Aim of the exercise. In the data, find the word "Black" and copy out every line that has it.
»»
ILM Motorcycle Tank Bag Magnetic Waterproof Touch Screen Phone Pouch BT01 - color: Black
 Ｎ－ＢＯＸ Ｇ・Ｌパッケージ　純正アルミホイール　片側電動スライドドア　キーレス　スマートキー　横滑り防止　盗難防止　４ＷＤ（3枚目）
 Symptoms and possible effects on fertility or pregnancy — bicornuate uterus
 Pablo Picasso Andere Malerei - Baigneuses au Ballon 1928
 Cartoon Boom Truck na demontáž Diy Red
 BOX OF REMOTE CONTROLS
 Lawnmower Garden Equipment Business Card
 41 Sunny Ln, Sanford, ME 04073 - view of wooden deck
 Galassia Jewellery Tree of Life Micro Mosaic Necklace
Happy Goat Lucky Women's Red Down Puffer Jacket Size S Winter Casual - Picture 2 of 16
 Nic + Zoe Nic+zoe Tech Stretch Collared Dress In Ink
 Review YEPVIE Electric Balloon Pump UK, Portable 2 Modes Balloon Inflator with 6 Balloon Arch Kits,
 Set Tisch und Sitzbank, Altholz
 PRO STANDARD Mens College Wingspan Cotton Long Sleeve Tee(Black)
««
Response box.
ILM Motorcycle Tank Bag Magnetic Waterproof Touch Screen Phone Pouch BT01 - color: Black
 PRO STANDARD Mens College Wingspan Cotton Long Sleeve Tee(Black)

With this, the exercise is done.